They are murderers, terrorists and kidnappers, and purveyors of the most insidious and poisonous anti-Semitism. Their aim - the annihilation of Israel. This right wing view forms in an instant and is unshakeable.
                
The left-wing view is equally inflexible. The incursion into Gaza is a brutal and disproportionate strike against a disenfranchised people with no means of defence other than terror tactics. Israel is a puppet state of the US and the only way for it to stop Palestinian bombs is to negotiate a peace settlement with the people from which it stole lands after the 1967 war.
               
Aggressive strikes like this will only add to the sufferings of the Palestinian people and lead to more loss on both sides. Like the opposing view, this attitude is formed in a moment.
               
The urge to take sides is strong and the lines it forms are rigid. But this is an example of a situtation where the correct attitude is not to take sides. Here the only correct attitude is blanket condemnation.
             
For both sides have committed disgusting acts.
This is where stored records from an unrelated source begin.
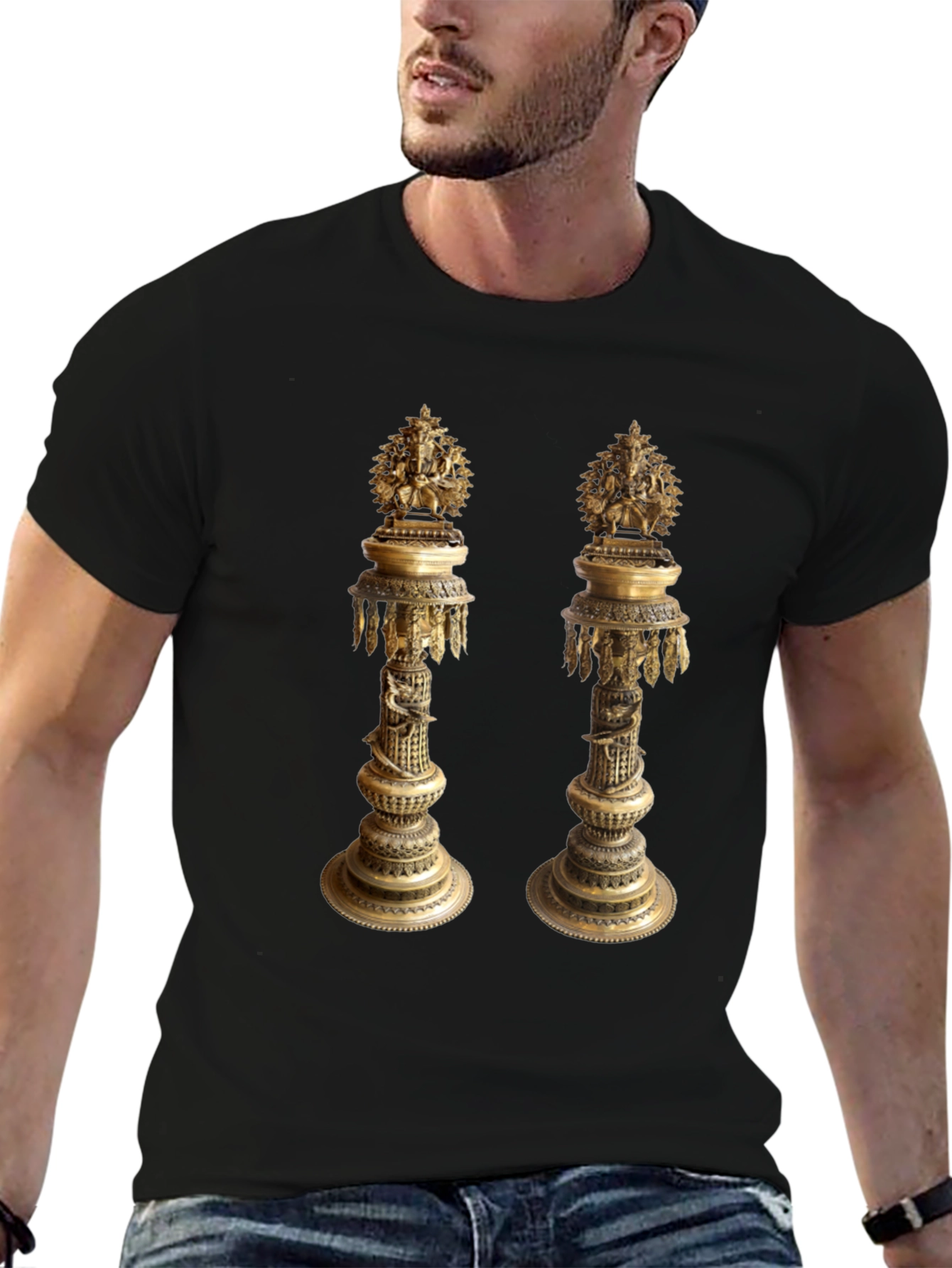 Ornate Brass Lamp T-Shirt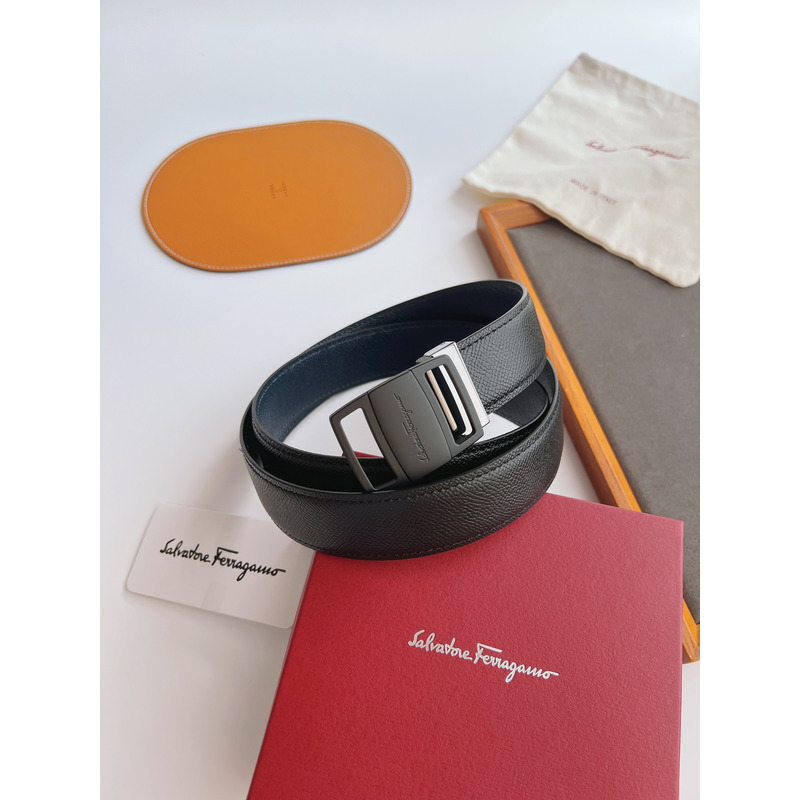 Ferragamo Reversible and Adjustable Belt Black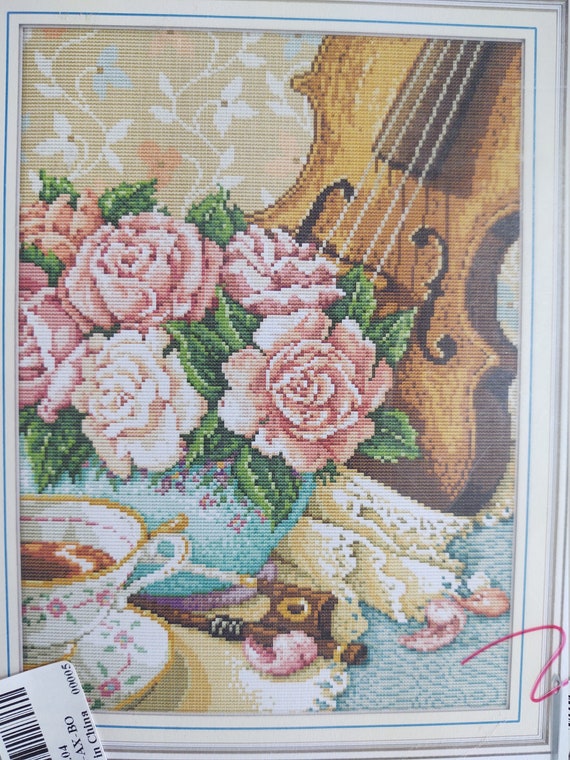 Joy Sunday Violin 3 Kit punto croce in tessuto prestampato -  Italia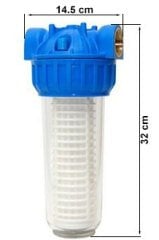 Aquafer 10 inç Spun Su Filtresi 3/4 inc 1 Mikron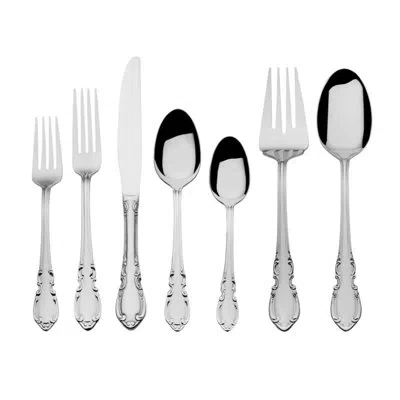 Pfaltzgraff Vienna 42 Piece Flatware Set, Service For 8, 18/0 Stainless Steel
Both sides have killed indiscriminately, both have been led by bellicose self-interested power-hungry autocrats.
      
Both have maintained hard-line stances that are as unrealistic as they are nihilistic and aggressive, and both have sought to drive a dispute to the verge of civil war rather than seek an alternative to the stupid, brutal animalist cycle of violence.
         
Neither side is in the right, neither side is worthy of support and so neither tribe is worth joining. Both sides act disgracefully, and yet in spite of this shared culpability media outlets, politicians, religious leaders and members of the commentariat leap to support either one or the other.
         
This is a manifestation of the instinctive and irrational urge to chose sides. Individuals give in to this urge.
       
Spinoff, however, will not.
          
Yours etc.,
      
Spinoff.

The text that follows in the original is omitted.